## RECORDS TO PROCESS
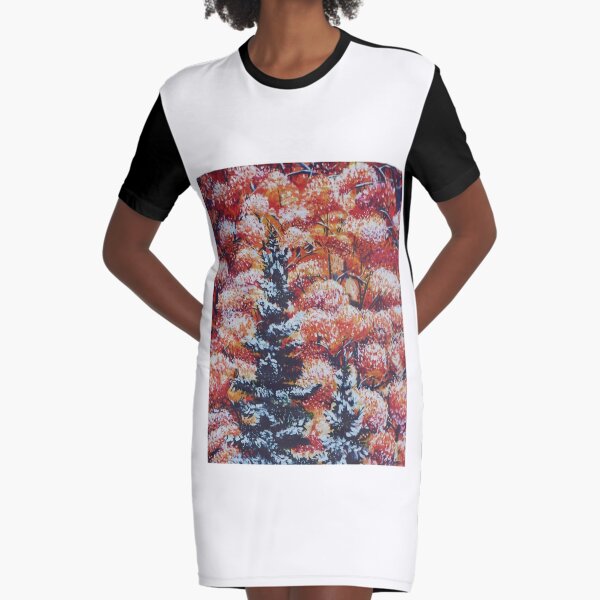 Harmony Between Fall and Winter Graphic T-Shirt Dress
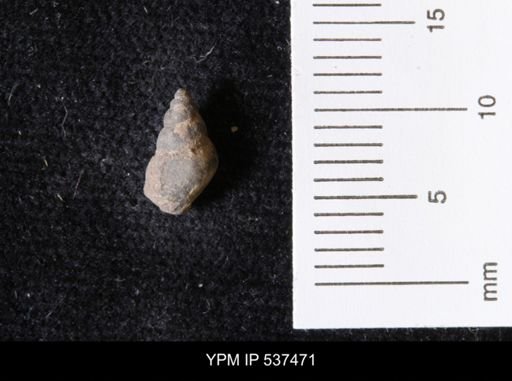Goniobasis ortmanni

* * *

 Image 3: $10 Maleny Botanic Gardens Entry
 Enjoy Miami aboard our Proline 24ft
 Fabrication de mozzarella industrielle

## EXERCISE OBJECTIVE
Using the data above, set down each line from the line with "Harmony Between Fall" to the line with "Goniobasis ortmanni" exactly, both ends included, and leave the pictures behind. Nothing else belongs.

## THE ANSWER
 Harmony Between Fall and Winter Graphic T-Shirt Dress
Goniobasis ortmanni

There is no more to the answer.